# The data

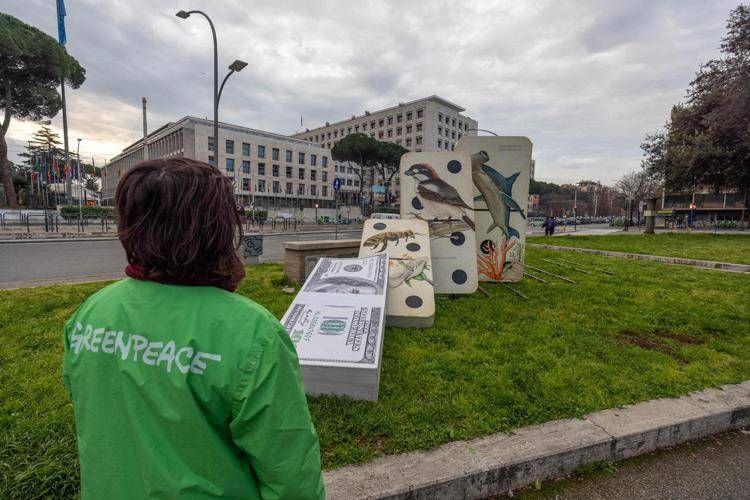 Cop16, Greenpeace in azione: "Se cade la natura, casca il mondo"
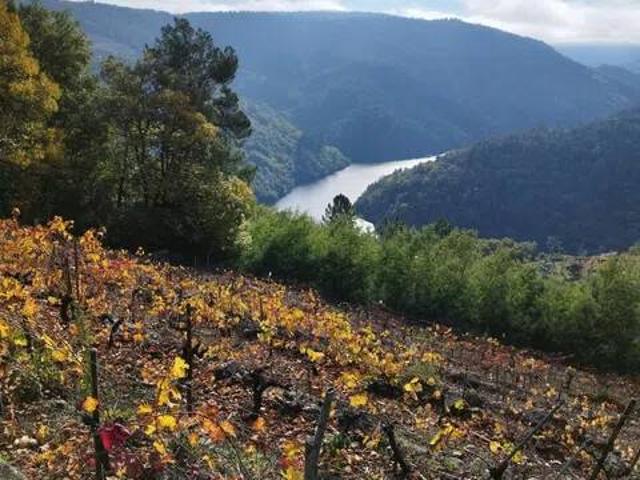 Casa rústica / Caserío en Venta en O Saviñao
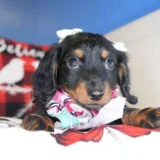 Rupee Miniature Dachshund 02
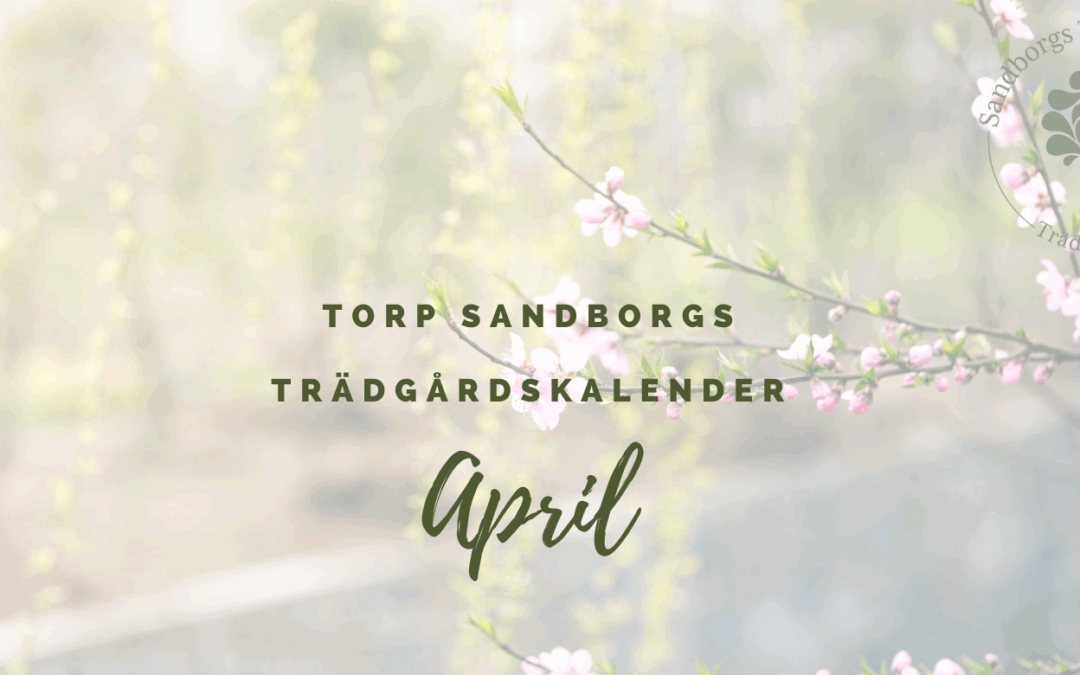 Trädgårdskalendern – April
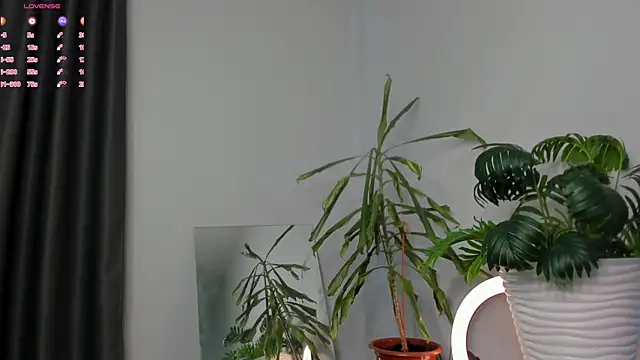 ManiJuanaa online show from 05.08.26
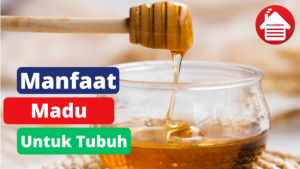 6 Manfaat Madu Untuk Tubuh Kita 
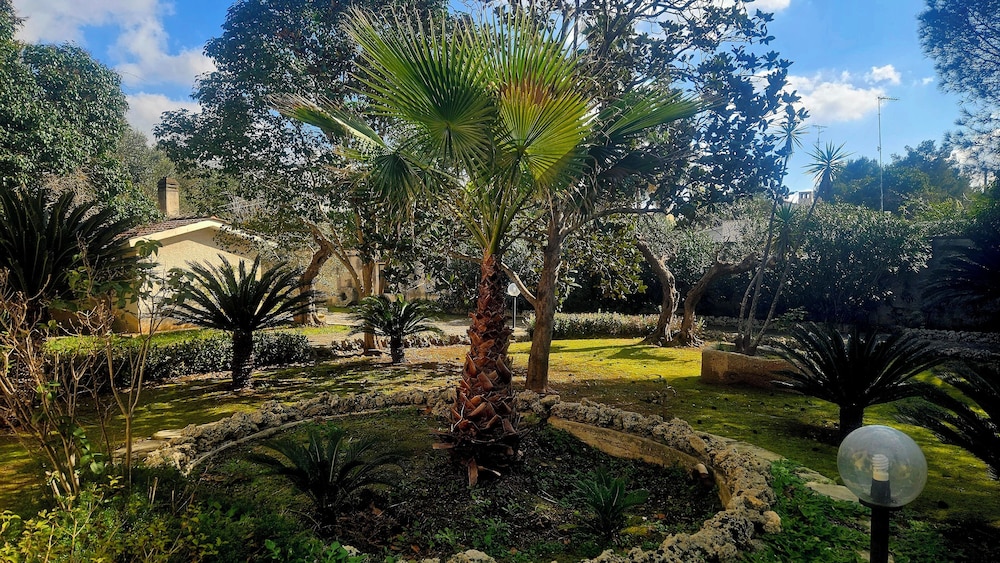 La Pineta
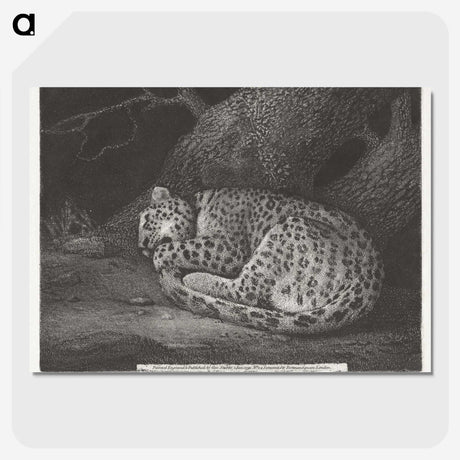 1-76_George-Stubbs_picture-crop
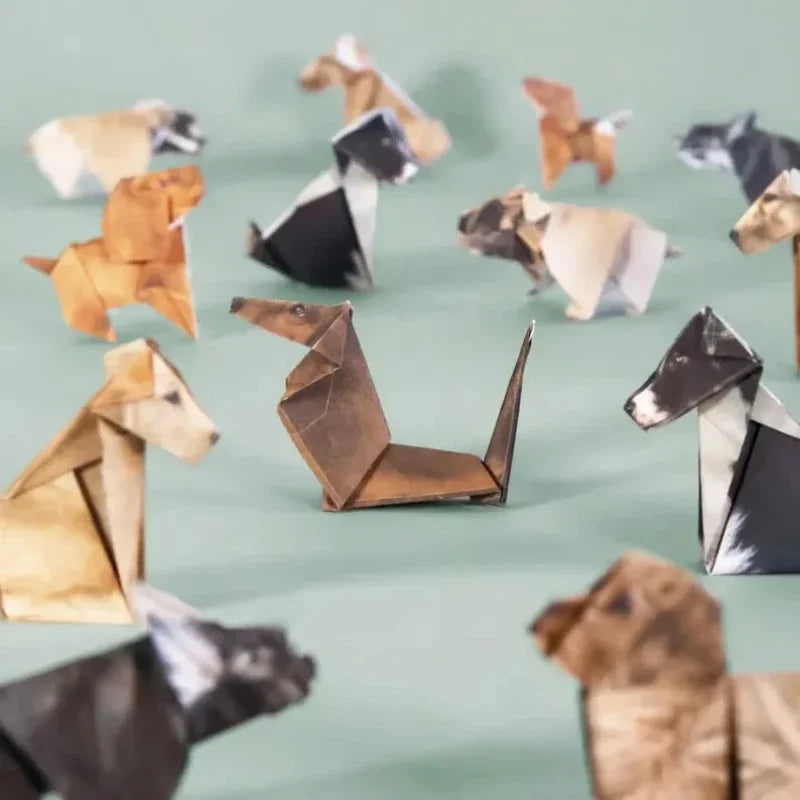 DIY Origami Paper Handmade Animals 50 Sheets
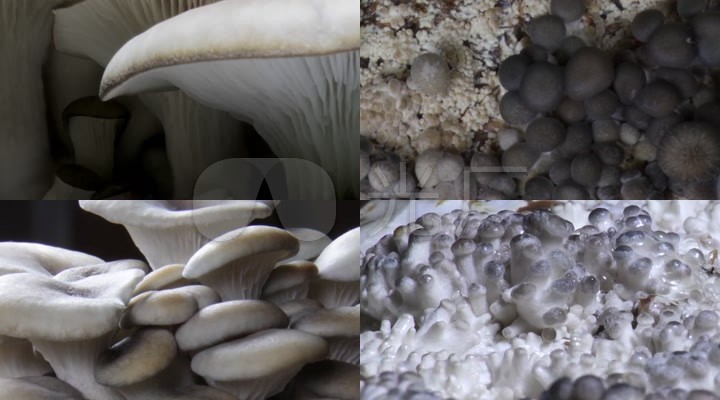 香菇平菇菌类生长动画
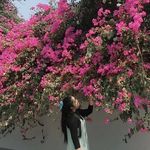 Hazel Wynn - @rarman199 - Instagram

# Directions for this task
Keep every word of the records exact as you write them out, but drop the pictures.

# Solution to this exercise
 Cop16, Greenpeace in azione: "Se cade la natura, casca il mondo"
 Casa rústica / Caserío en Venta en O Saviñao
 Rupee Miniature Dachshund 02
 Trädgårdskalendern – April
 ManiJuanaa online show from 05.08.26
 6 Manfaat Madu Untuk Tubuh Kita 
 La Pineta
 1-76_George-Stubbs_picture-crop
 DIY Origami Paper Handmade Animals 50 Sheets
 香菇平菇菌类生长动画
 Hazel Wynn - @rarman199 - Instagram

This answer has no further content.